La conclusion est sans appel : « Les néonicotinoïdes représentent un grave danger non seulement pour les abeilles mellifères, mais aussi pour de nombreuses autres espèces animales, notamment de bourdons, de papillons, d’oiseaux et d’insectes aquatiques ».

Contamination généralisée, biodiversité menacée

L’étude démontre également que les néonicotinoïdes sont absorbés, non seulement par les cultures à fleur traitées, mais aussi par d’autres plantes non ciblées, si bien que ces pesticides se retrouvent dans le pollen, le nectar, le feuillage. La persistance de ces substances est démontrée dans les terres agricoles dont les semis sont traités, mais aussi dans les sols, les cours d’eau, les fleurs sauvages avoisinants.
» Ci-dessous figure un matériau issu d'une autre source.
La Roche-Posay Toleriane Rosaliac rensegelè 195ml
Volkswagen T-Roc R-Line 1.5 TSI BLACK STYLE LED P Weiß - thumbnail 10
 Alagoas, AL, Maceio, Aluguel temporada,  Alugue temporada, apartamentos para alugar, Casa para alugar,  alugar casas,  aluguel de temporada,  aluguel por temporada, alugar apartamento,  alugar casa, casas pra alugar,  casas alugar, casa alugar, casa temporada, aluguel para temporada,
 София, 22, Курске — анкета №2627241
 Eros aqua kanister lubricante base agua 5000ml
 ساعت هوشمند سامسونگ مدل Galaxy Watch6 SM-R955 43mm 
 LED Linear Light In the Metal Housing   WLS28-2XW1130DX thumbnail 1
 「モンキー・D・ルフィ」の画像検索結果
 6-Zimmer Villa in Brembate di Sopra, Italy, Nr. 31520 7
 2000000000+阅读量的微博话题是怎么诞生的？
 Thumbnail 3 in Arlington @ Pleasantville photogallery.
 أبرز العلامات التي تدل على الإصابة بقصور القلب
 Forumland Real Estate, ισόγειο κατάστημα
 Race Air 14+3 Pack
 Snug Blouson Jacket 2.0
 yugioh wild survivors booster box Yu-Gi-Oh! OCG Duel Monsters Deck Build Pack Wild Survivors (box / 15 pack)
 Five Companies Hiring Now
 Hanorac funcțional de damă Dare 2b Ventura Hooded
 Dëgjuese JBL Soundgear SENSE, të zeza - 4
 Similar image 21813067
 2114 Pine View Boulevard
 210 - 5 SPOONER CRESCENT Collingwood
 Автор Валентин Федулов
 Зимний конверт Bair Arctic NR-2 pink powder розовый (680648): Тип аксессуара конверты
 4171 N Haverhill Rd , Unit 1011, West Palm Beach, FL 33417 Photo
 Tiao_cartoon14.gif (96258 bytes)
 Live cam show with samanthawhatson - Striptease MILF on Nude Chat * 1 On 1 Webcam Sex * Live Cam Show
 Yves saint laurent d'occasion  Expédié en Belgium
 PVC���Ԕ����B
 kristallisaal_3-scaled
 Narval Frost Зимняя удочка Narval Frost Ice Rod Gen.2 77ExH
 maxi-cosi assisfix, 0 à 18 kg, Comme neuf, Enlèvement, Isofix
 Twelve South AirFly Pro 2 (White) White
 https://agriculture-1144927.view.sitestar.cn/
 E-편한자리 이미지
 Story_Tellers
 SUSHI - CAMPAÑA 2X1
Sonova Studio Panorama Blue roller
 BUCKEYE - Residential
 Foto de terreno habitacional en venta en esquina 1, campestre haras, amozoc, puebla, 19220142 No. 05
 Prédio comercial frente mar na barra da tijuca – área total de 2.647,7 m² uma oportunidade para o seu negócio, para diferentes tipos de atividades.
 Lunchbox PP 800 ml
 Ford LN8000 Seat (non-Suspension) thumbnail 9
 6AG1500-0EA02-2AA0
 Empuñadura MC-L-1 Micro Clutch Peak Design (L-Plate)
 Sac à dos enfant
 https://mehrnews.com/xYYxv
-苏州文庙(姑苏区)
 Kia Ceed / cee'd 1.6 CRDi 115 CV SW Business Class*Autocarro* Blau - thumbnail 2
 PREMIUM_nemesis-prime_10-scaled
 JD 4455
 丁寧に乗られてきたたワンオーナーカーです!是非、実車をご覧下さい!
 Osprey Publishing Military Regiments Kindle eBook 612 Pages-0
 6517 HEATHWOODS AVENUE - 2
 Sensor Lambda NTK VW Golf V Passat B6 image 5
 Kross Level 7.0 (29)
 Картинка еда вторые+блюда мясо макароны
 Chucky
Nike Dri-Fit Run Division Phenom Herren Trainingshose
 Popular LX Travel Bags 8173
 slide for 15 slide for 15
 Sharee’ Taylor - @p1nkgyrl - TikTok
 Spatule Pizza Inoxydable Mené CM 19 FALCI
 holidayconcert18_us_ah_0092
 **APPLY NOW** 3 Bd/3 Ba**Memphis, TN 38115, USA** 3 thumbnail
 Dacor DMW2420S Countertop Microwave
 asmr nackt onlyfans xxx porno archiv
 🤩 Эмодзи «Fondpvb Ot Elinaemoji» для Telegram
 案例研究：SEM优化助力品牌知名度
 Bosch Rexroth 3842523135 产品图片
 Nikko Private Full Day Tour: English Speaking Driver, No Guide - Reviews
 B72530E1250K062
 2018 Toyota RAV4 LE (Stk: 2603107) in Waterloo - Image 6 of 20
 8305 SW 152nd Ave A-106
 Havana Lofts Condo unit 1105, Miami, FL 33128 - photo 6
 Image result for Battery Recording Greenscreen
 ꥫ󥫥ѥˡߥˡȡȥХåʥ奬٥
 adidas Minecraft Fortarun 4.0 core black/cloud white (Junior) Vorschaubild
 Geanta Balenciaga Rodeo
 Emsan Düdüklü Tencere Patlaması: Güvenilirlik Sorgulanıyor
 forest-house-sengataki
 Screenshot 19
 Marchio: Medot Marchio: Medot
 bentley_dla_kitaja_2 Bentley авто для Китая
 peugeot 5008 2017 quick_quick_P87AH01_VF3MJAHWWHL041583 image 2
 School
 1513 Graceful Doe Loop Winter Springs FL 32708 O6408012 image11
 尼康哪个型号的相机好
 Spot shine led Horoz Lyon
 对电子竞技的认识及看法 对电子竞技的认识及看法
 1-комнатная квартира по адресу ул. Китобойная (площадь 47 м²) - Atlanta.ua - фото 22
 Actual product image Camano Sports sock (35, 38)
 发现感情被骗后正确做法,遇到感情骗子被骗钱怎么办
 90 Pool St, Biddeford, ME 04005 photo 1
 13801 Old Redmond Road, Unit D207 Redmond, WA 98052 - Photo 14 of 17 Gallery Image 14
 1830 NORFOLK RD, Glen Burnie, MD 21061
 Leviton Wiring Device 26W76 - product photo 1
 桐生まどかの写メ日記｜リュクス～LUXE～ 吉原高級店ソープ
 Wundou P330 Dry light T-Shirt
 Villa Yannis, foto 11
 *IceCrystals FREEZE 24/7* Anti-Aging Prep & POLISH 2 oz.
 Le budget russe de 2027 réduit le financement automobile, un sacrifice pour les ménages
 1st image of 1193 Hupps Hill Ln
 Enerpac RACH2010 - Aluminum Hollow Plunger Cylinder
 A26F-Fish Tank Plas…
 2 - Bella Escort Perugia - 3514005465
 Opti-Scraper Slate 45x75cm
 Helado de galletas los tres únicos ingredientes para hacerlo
Le rapport confirme la violence de ces pesticides sur la capacité de butinage et l’état de santé des abeilles. Certaines espèces de bourdons sont également en déclin, voire en voie de disparition. « De nombreuses espèces de papillons, de coléoptères et d’oiseaux insectivores, tels que les moineaux et les perdrix, entrent en contact avec les pesticides, directement ou par le biais de la chaîne alimentaire. », précise le rapport. Les insectes aquatiques peuvent aussi être exposés à ces produits, par la contamination des cours d’eau.

Seule option viable : basculer vers l’agriculture écologique

Les conséquences sur la biodiversité et les écosystèmes sont déjà graves et pourraient devenir rapidement désastreuse si une interdiction totale n’est pas imposée : le seul recourt serait, pour l’Europen d’évoluer largement vers une agriculture écologique.

Greenpeace souligne la responsabilité du système industriel mondial dans cet état de fait : « L‘agriculture écologique préserve la biodiversité car elle n’utilise pas de pesticides chimiques ou d’engrais de synthèse. Elle renforce la résilience globale de nos écosystèmes. De nombreux agriculteurs européens, hommes et femmes, sont prêts à changer leurs pratiques agricoles, mais ils sont pris au piège du système industriel. », accuse le rapport.